Bifurcation analysis of single-cell gene expression data reveals epigenetic landscape.

作者信息

Marco Eugenio, Karp Robert L, Guo Guoji, Robson Paul, Hart Adam H, Trippa Lorenzo, Yuan Guo-Cheng

机构信息

Department of Biostatistics and Computational Biology, Dana-Farber Cancer Institute and Harvard School of Public Health, Boston, MA 02115;

Department of Systems Biology, Harvard Medical School, Boston, MA 02115;

出版信息

Proc Natl Acad Sci U S A. 2014 Dec 30;111(52):E5643-50. doi: 10.1073/pnas.1408993111. Epub 2014 Dec 15.
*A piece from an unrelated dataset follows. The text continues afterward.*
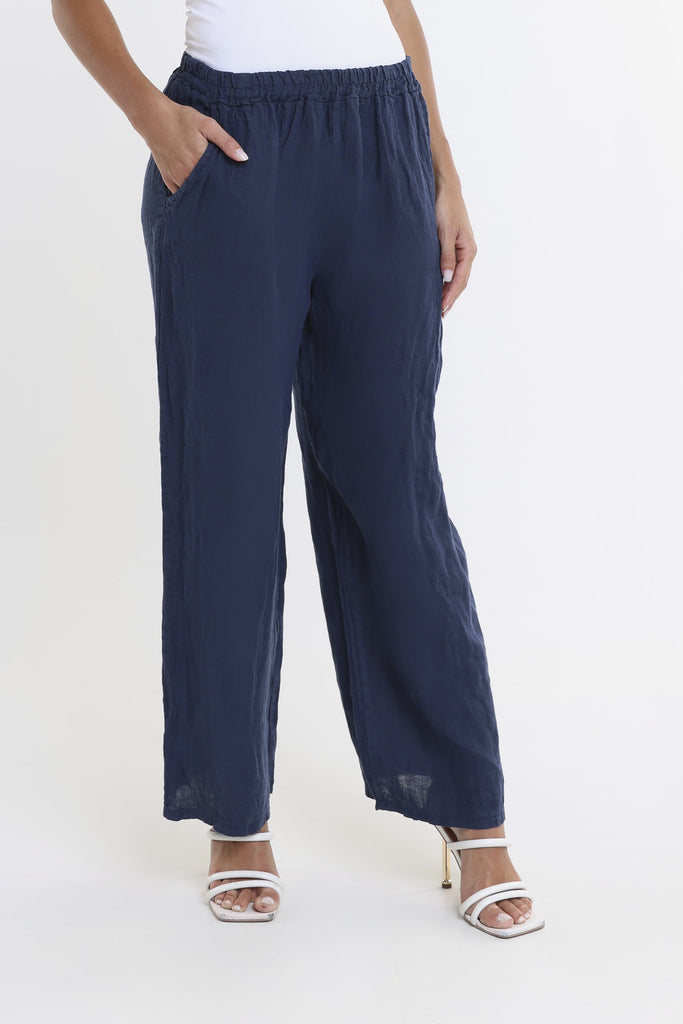 PL195 409 Navy Kate Straight Leg Linen Pant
DOI:10.1073/pnas.1408993111
PMID:25512504
原文链接:https://pmc.ncbi.nlm.nih.gov/articles/PMC4284553/
Abstract

We present single-cell clustering using bifurcation analysis (SCUBA), a novel computational method for extracting lineage relationships from single-cell gene expression data and modeling the dynamic changes associated with cell differentiation. SCUBA draws techniques from nonlinear dynamics and stochastic differential equation theories, providing a systematic framework for modeling complex processes involving multilineage specifications. By applying SCUBA to analyze two complementary, publicly available datasets we successfully reconstructed the cellular hierarchy during early development of mouse embryos, modeled the dynamic changes in gene expression patterns, and predicted the effects of perturbing key transcriptional regulators on inducing lineage biases. The results were robust with respect to experimental platform differences between RT-PCR and RNA sequencing. We selectively tested our predictions in Nanog mutants and found good agreement between SCUBA predictions and the experimental data. We further extended the utility of SCUBA by developing a method to reconstruct missing temporal-order information from a typical single-cell dataset. Analysis of a hematopoietic dataset suggests that our method is effective for reconstructing gene expression dynamics during human B-cell development. In summary, SCUBA provides a useful single-cell data analysis tool that is well-suited for the investigation of developmental processes.

摘要

我们展示了使用分叉分析的单细胞聚类(SCUBA),这是一种从单细胞基因表达数据中提取谱系关系并对与细胞分化相关的动态变化进行建模的新型计算方法。SCUBA借鉴了非线性动力学和随机微分方程理论中的技术,为涉及多谱系规范的复杂过程建模提供了一个系统框架。通过应用SCUBA分析两个互补的公开可用数据集,我们成功重建了小鼠胚胎早期发育过程中的细胞层次结构,对基因表达模式的动态变化进行了建模,并预测了干扰关键转录调节因子对诱导谱系偏差的影响。结果在逆转录聚合酶链反应(RT-PCR)和RNA测序之间的实验平台差异方面具有稳健性。我们在Nanog突变体中选择性地测试了我们的预测,发现SCUBA预测与实验数据之间有很好的一致性。我们通过开发一种从典型单细胞数据集中重建缺失时间顺序信息的方法,进一步扩展了SCUBA的实用性。对造血数据集的分析表明,我们的方法对于重建人类B细胞发育过程中的基因表达动态是有效的。总之,SCUBA提供了一个有用的单细胞数据分析工具,非常适合用于研究发育过程。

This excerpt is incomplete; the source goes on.